=== WHAT YOU HAVE TO DO ===
Go to the line in the entries below that holds "Rent a Trịnh" and repeat exactly from there through the line that holds "2 bedroom House for Sale Nine Acres Green", inclusive.

** Opening PROVIDED DATA block **

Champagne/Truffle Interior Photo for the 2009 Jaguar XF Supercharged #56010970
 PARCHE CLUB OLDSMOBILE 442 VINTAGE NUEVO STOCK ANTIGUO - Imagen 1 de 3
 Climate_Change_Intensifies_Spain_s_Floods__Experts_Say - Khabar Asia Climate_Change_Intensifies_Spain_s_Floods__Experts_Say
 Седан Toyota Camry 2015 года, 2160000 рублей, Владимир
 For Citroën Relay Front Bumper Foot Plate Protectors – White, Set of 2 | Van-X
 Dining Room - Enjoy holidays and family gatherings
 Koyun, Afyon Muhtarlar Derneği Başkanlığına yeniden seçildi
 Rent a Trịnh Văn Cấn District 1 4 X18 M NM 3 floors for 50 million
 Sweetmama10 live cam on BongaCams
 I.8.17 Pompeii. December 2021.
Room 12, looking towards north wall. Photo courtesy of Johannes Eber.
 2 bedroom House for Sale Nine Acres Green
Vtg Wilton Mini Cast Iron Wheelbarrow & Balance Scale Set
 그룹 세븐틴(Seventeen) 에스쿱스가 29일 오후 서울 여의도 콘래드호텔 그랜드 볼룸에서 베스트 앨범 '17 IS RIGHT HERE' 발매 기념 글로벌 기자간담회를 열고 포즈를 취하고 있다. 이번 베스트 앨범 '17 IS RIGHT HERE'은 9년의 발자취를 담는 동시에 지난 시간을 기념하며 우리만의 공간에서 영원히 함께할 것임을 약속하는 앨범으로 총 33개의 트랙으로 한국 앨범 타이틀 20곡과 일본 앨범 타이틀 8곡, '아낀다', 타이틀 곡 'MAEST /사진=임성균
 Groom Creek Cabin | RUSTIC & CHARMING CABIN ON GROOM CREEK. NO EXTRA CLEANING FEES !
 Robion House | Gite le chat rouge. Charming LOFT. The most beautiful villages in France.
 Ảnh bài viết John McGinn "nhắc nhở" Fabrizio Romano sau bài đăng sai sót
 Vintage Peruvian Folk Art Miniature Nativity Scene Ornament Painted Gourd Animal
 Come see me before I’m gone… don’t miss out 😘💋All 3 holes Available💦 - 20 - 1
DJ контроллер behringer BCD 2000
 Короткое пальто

** Closing PROVIDED DATA block **

=== ANSWER SECTION ===
 Rent a Trịnh Văn Cấn District 1 4 X18 M NM 3 floors for 50 million
 Sweetmama10 live cam on BongaCams
 I.8.17 Pompeii. December 2021.
Room 12, looking towards north wall. Photo courtesy of Johannes Eber.
 2 bedroom House for Sale Nine Acres Green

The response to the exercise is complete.